> **WORK INSTRUCTIONS**
What you return must match, exactly, the lines running from the one containing "Hocus Pocus Ich" to the end of the data, both included, and must contain no pictures.

Entries taken from a collection:
#####

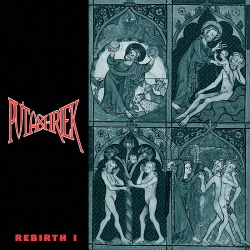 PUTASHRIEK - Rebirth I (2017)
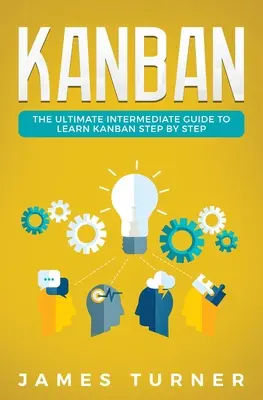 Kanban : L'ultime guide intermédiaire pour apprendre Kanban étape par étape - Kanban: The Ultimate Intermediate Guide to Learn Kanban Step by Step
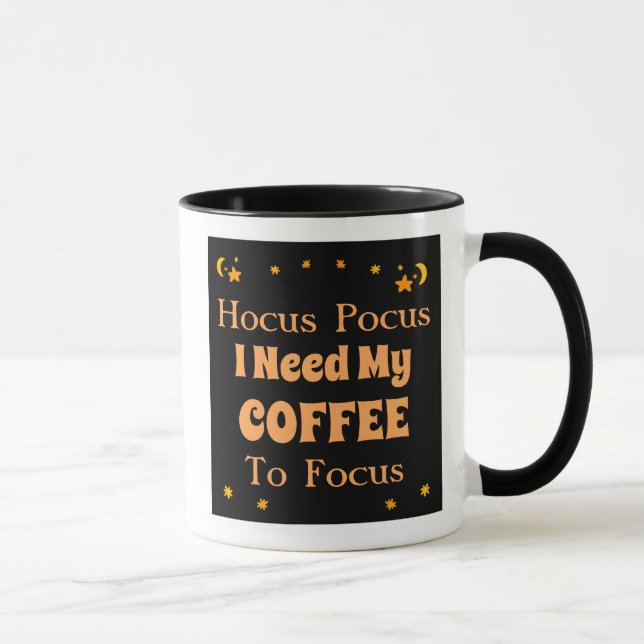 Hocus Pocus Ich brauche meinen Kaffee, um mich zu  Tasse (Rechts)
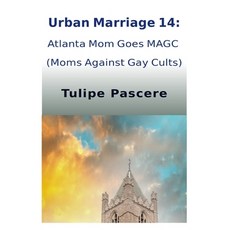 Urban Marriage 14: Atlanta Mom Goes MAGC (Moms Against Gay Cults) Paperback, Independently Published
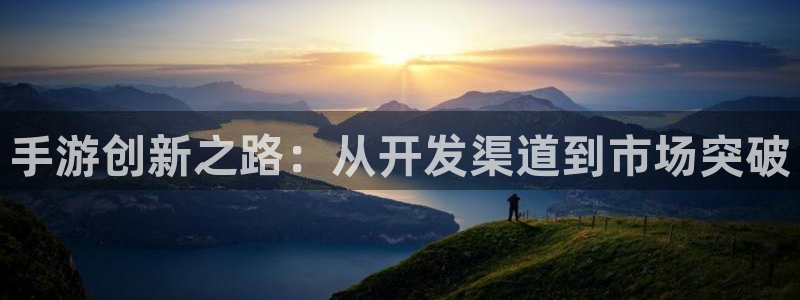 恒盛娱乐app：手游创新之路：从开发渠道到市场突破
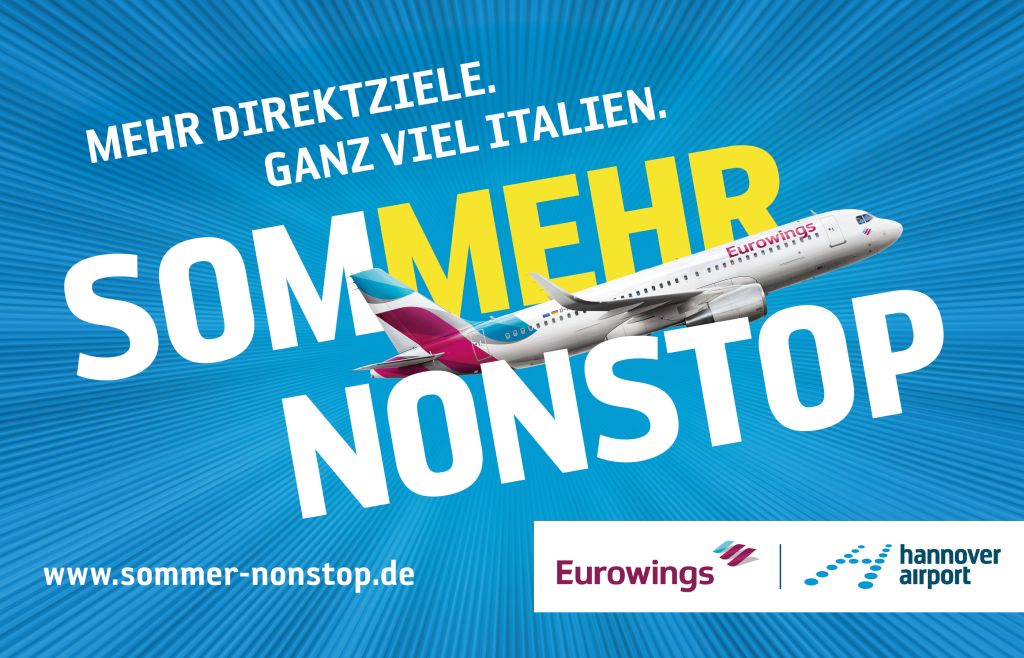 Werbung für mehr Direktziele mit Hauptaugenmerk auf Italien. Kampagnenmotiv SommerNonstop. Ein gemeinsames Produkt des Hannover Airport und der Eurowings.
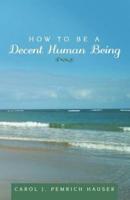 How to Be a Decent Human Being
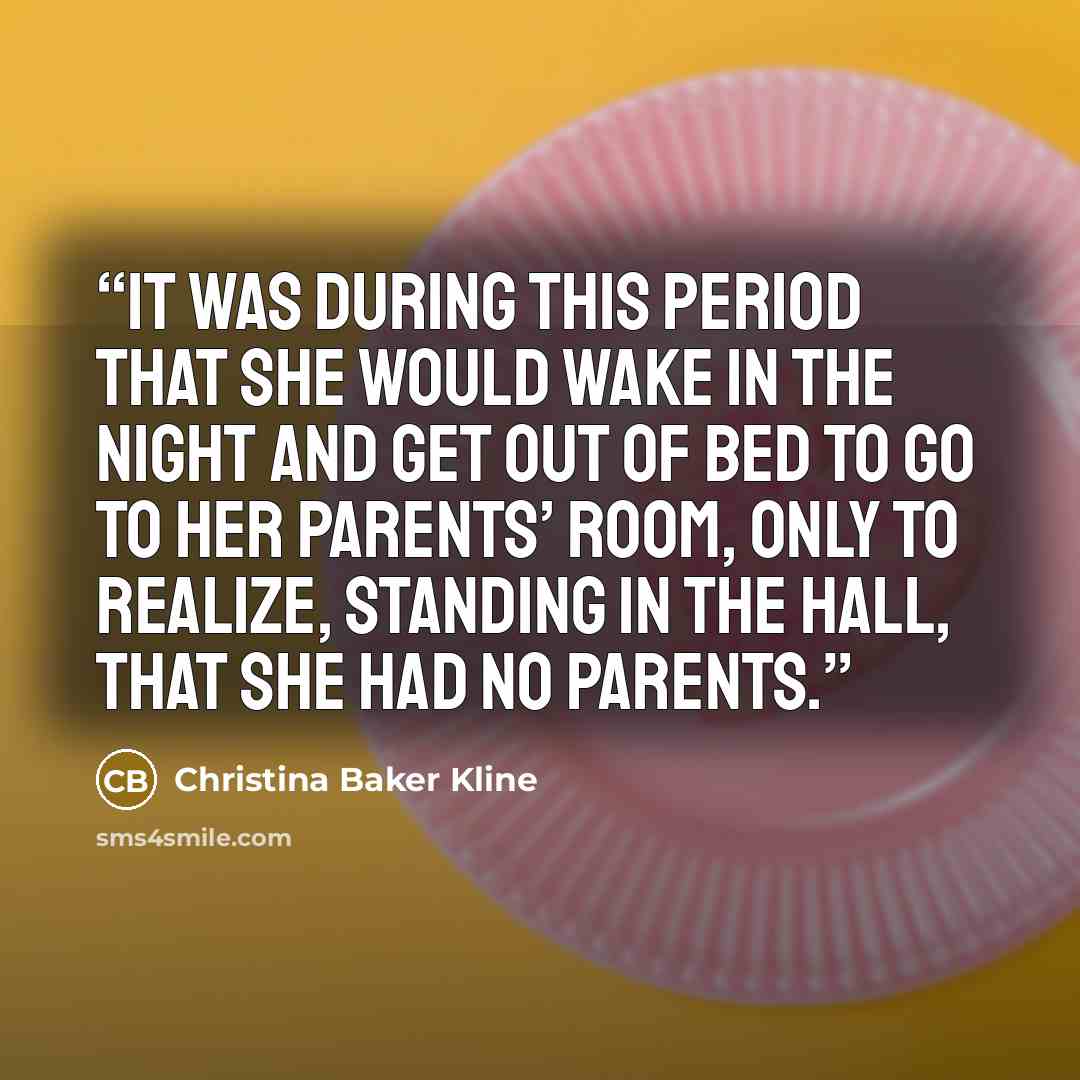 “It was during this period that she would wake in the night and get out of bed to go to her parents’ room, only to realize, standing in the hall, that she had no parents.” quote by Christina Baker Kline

#####

> **RESULT OF THE TASK**
 Hocus Pocus Ich brauche meinen Kaffee, um mich zu  Tasse (Rechts)
 Urban Marriage 14: Atlanta Mom Goes MAGC (Moms Against Gay Cults) Paperback, Independently Published
 恒盛娱乐app：手游创新之路：从开发渠道到市场突破
 Werbung für mehr Direktziele mit Hauptaugenmerk auf Italien. Kampagnenmotiv SommerNonstop. Ein gemeinsames Produkt des Hannover Airport und der Eurowings.
 How to Be a Decent Human Being
 “It was during this period that she would wake in the night and get out of bed to go to her parents’ room, only to realize, standing in the hall, that she had no parents.” quote by Christina Baker Kline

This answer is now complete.